Traditionally, point guards did more passing than scoring.  They were asked to control the tempo of the game, and maximize the talents of their teammates, more than they were asked to score.  At the other end of the spectrum, centers had most of their impact near the basket – on offense, scoring from the low post, and on defense leading their teams in blocked shots and rebounds.  Some of them could shoot capably from the perimeter, but they only very rarely ventured far away from the rim.

In between, the roles were less clear.  As I’ve blogged previously, I’ve been watching hoops for many years, and I have no idea why anyone acts as if there’s a major distinction between a shooting guard and a small forward. I also don’t see a major distinction between a power forward and a center.  To the extent I can explain it, the best power forwards are generally more versatile than the best centers, but the best centers are more dominant.  Kevin Garnett, Karl Malone, Charles Barkley, and Dirk Nowitzki were all excellent players, whom nobody thought of as centers. (Apologies, Dirk, for referring to you in the past tense, but anyone who’s seen you try to run up and down the court recently knows that it’s appropriate.) Shaq, David Robinson, Hakeem, and Ewing were also excellent players, whom nobody thought of as PFs.
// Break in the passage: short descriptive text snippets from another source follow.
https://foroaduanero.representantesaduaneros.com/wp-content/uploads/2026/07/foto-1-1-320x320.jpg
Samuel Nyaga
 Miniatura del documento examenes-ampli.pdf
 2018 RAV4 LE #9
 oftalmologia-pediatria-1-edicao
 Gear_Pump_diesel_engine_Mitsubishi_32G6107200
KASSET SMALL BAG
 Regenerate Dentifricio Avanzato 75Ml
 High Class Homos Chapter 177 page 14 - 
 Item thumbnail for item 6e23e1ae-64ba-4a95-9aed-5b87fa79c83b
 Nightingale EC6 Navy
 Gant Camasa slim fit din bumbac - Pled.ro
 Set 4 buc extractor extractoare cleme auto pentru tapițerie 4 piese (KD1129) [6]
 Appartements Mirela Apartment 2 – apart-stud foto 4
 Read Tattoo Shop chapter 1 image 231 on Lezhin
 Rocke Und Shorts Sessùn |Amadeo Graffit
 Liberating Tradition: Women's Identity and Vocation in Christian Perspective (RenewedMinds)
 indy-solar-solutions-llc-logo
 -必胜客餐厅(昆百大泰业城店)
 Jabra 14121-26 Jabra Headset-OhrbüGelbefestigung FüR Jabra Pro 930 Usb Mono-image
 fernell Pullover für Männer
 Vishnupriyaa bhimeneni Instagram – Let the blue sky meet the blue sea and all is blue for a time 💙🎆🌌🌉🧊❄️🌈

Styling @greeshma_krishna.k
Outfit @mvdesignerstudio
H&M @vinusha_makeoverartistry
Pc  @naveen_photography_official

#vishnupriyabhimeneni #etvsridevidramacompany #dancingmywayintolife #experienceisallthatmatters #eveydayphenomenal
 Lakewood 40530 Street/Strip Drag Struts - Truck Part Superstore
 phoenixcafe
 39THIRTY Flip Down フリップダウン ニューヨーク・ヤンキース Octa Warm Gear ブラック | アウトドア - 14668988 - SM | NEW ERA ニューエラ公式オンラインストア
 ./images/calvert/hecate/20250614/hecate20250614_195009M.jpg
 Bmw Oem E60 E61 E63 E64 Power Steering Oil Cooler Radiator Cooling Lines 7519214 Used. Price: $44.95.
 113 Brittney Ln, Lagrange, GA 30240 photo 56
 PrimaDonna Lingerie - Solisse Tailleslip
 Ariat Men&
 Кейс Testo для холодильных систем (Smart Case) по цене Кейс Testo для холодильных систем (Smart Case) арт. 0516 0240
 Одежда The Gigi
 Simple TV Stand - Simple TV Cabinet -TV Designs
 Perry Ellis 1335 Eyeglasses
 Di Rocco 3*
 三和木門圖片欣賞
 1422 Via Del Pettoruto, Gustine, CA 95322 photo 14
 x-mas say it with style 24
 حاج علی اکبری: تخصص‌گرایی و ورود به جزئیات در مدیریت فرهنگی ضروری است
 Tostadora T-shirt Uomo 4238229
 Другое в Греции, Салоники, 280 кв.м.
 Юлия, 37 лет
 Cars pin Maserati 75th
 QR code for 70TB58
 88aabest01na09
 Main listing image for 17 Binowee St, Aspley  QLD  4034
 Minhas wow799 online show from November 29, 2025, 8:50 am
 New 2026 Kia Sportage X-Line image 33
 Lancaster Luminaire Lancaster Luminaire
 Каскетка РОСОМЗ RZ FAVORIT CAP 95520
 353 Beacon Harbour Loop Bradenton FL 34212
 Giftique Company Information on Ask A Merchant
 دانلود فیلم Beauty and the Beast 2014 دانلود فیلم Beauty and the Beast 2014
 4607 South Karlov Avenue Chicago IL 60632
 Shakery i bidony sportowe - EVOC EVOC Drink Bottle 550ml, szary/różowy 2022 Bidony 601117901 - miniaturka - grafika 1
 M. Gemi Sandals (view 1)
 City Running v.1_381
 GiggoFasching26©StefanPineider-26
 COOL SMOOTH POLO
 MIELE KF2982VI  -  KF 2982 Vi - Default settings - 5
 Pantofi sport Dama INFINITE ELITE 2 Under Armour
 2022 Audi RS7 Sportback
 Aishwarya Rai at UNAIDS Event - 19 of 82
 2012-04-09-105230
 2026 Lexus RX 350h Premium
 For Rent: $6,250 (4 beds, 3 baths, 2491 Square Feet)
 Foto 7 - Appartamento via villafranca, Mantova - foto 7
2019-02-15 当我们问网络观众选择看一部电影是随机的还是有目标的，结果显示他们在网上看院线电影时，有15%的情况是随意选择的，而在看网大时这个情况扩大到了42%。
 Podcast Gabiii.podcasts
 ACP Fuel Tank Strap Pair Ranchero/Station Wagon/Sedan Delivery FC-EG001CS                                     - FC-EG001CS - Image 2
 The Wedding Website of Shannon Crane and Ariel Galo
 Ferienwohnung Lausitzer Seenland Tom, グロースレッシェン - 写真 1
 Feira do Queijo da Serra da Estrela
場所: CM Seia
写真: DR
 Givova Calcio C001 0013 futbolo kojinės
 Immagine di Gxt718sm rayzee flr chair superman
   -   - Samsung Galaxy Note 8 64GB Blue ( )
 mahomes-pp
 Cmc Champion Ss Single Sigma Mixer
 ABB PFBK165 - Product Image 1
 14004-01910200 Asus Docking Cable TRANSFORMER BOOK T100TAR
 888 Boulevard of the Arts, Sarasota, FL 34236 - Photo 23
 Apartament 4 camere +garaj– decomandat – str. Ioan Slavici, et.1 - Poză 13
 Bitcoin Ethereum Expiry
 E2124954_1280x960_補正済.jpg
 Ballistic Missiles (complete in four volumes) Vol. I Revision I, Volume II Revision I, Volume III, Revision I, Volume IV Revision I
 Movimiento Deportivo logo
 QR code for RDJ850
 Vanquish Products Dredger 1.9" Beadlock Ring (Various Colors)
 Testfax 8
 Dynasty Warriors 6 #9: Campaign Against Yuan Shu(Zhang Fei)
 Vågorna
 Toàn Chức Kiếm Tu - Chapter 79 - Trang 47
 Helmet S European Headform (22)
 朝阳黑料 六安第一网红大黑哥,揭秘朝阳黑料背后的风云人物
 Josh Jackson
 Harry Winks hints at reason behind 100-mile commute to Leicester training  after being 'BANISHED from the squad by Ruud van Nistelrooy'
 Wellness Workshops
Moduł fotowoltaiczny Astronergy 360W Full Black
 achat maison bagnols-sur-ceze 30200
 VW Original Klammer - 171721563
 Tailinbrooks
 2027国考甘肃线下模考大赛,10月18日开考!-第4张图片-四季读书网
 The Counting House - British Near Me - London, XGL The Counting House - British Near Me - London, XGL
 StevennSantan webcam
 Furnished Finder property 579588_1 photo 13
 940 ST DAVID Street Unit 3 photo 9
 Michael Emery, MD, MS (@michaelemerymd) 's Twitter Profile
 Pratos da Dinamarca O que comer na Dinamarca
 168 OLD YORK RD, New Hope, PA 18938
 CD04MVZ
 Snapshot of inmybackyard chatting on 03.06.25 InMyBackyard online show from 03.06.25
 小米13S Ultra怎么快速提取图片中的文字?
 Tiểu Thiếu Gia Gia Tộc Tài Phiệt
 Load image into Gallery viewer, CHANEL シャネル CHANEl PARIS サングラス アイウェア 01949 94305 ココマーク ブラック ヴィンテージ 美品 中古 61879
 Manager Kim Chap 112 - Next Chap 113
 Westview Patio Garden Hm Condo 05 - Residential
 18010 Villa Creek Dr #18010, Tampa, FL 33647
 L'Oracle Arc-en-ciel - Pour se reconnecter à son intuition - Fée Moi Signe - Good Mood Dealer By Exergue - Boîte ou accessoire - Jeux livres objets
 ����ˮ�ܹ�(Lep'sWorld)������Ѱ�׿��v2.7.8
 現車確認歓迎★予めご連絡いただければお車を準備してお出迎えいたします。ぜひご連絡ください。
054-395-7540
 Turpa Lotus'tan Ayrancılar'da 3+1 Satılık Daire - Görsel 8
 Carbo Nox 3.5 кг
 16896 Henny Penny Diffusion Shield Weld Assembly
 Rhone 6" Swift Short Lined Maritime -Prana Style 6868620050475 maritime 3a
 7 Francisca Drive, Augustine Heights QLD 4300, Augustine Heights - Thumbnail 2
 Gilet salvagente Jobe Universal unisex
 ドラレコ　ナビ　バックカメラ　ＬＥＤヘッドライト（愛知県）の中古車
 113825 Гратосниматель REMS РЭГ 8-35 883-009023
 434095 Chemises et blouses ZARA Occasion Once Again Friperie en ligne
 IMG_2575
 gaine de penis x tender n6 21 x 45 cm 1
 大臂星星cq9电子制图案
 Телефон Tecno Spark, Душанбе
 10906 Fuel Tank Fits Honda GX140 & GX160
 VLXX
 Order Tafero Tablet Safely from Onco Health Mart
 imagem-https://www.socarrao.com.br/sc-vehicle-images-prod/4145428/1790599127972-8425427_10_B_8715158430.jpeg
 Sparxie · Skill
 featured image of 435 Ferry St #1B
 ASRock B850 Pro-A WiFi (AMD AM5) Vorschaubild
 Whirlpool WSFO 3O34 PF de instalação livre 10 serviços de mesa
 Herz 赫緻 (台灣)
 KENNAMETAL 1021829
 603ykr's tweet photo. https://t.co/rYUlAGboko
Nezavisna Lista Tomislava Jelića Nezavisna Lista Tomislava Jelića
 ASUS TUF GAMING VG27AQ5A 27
The guys who are both versatile and dominant are sometimes thought of as PFs and sometimes as Cs (Tim Duncan, Anthony Davis).

Even accepting that the lines between some positions are not always clear, I think most basketball fans would stipulate that the following players fit the mold of their respective positions, and played those positions at a high level:

Point Guard: Isiah Thomas (the one from the ’80s), John Stockton, Jason Kidd, Kevin Johnson, Mark Jackson, Steve Nash, Chauncey Billups, Tony Parker.  (I’d include Magic Johnson, but he fits into no molds for anything.)

Shooting Guard: Reggie Miller, Joe Dumars, Ray Allen, Kobe Bryant, Manu Ginobili

Small Forward: Scottie Pippen, Dominique Wilkins, Paul Pierce

Power Forward: Pau Gasol, Karl Malone, Charles Barkley, Dirk Nowitzki, Chris Webber

Center: Shaq, Dwight Howard, Ben Wallace, Patrick Ewing, David Robinson, Alonzo Mourning, Dikembe Mutombo

I haven’t classified LeBron (I guess he’s a 3?), MJ (a 2?), or Tim Duncan (a 4?), which starts to lead me to believe that if you reach a certain level of performance you don’t have a position.

Get to the point, Kraver.

Ok, will do…

The point is that traditional positions aren’t gone at all.

Mike Conley, Chris Paul, Goran Dragic, and Kyle Lowry are traditional point guards.  Patrick Beverly, Lonzo Ball, and Ben Simmons – all starters on teams currently heading for the playoffs – might not be traditional point guards, but they sure ain’t shooting guards.

Klay Thompson, JJ Redick, Khris Middleton, CJ McCollum, and Danny Green are among the shootingest shooting guards we’ve ever seen – all heading for the playoffs.

Rudy Gobert, Steven Adams, Tyson Chandler, and Clint Capela are all traditional centers on teams heading for the playoffs.  Marcin Gortat and Boban Marjanovic are centers playing meaningful minutes on arguably the most surprising team in the league. Marc Gasol is holding down the middle for a surprisingly competitive Memphis team.  And, there’s Joel Embiid, who shoots more 3’s than we’re used to seeing centers shoot, but is grabbing 13 boards and blocking 2 shots per game, while shooting 48% from the field.  He’s a center.

I still can’t articulate how small forwards are different from shooting guards, but I don’t think it’s much of a stretch to say that Kawhi, Giannis, Paul George, Danilo Galinari, and Jayson Tatum fit the mold of traditional small forwards – to the extent there ever was a mold.

Certainly, there has been some evolution.  We have centers who shoot 3’s, and we have guards like Russell Westbrook and Stephen Curry, who not only average double-digit assists, but who do it while taking 20+ shots per game.  But, that’s what it is – an evolution, not a revolution.  The best teams still balance their lineups, with a guy who creates for others, a guy who protects the paint, a guy who attacks the rim, a guy whose primary skill is outside shooting, and a guy who… uh… specializes in whatever it is that power forwards specialized in.